# A new shirt design I'm working on.



## zombiesniper (Jun 25, 2020)

Still needs some cleanup.


----------



## tirediron (Jun 25, 2020)

If I understand all of it, do I get a free one?


----------



## Tropicalmemories (Jun 26, 2020)

I shoot Fuji - so can just twiddle the knobs when I want to mess up my settings.

But I do miss my old Lumix 'blue button' - when I completely messed up the settings and everything went black, you could push the blue button and it would reset everything to auto.


----------



## Original katomi (Jun 26, 2020)

I like it 
Here in the uk there is a series of t shirts for photographers my fave is
Oh crop with the crop symbol above
I used to sail and being disabled I made a t shirt with all the versions 
Of disabled /restricted in ability to manoeuvre symbols I could find on


----------



## Original katomi (Jun 26, 2020)

Just typed photography symbol t shirt into amazon...spoilt for choice


----------



## terry_g (Jun 26, 2020)

You could add the "restore factory settings screen" at the bottom.


----------



## K9Kirk (Jun 26, 2020)

Not bad. You could also do one with a colored histogram saying the same thing or something silly like maybe ... "Do I choose the red hill or the blue hill???" (I said it first.)


----------



## zombiesniper (Jun 26, 2020)

Test shirt.

Still need to clean up a couple of things.


----------



## Mike Drone (Jun 26, 2020)

Let me know where and how much. =]

Uhh.. without breaking any forum rules of course. =]


----------



## Original katomi (Jun 27, 2020)

Nice


----------



## K9Kirk (Jun 27, 2020)

The white on grey looks good. GL selling them.


----------



## zombiesniper (Jun 27, 2020)

Thank you.


----------



## jcdeboever (Jun 27, 2020)

I shoot in Aperture Priority mode... I couldn't wear it.


----------



## pjaye (Jun 27, 2020)

Love it (I think that's the third time you've heard me say that). Are you using an iron or the easy press? I haven't ventured into iron on yet. Still trying to master permanent vinyl.


----------



## zombiesniper (Jun 27, 2020)

I have a shirt/plate and mug press. Cheaper and more versatile than the Cricut stuff.


----------



## zombiesniper (Jun 29, 2020)

This is the press I use.


----------



## Wonderfe (Feb 8, 2021)

If I understand everything, will you give me a T-shirt?


----------



## Jeff15 (Feb 8, 2021)

Don't you think its a little over complicated....


----------



## zombiesniper (Feb 8, 2021)

Tomatess said:


> How long have you been doing this?


Why does it matter?



Jeff15 said:


> Don't you think its a little over complicated....


That's kind of the point.
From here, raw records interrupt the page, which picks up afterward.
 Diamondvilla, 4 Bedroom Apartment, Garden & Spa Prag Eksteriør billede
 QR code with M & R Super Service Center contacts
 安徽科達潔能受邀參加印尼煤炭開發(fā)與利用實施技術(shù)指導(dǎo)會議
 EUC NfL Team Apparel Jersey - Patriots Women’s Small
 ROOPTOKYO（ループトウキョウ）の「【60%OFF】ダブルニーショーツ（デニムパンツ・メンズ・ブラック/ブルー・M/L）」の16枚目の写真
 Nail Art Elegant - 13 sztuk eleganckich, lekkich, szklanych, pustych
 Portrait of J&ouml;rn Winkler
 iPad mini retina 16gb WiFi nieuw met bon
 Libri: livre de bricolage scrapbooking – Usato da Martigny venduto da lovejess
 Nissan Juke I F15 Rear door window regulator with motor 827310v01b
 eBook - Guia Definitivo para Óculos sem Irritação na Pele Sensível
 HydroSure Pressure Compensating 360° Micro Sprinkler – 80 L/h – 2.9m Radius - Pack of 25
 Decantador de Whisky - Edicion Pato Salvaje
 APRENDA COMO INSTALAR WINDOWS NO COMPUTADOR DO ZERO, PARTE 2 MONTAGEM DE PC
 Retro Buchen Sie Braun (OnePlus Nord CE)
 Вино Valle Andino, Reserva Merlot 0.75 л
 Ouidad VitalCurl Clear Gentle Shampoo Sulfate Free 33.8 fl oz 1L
It's the back of a DSLR camera screen.


----------



## zombiesniper (Feb 8, 2021)

Wonderfe said:


> If I understand everything, will you give me a T-shirt?



Nope but since you don't like the press I use I can only guess you have one, and the ability to make your own.


----------



## Jeff15 (Feb 8, 2021)

My brain hurts looking at all that information......


----------



## Space Face (Feb 9, 2021)

zombiesniper said:


> Tomatess said:
> 
> 
> > How long have you been doing this?
> ...



That's how I took it.  Clue is in the title.


----------



## Dean_Gretsch (Feb 9, 2021)

Are you using Design Space? I thought I was the only macho male with a Cricut


----------



## zombiesniper (Feb 9, 2021)

Yes. I use it for various quick projects.


----------



## Original katomi (Feb 9, 2021)

Do you do the 
Oh Crop! Version lol


----------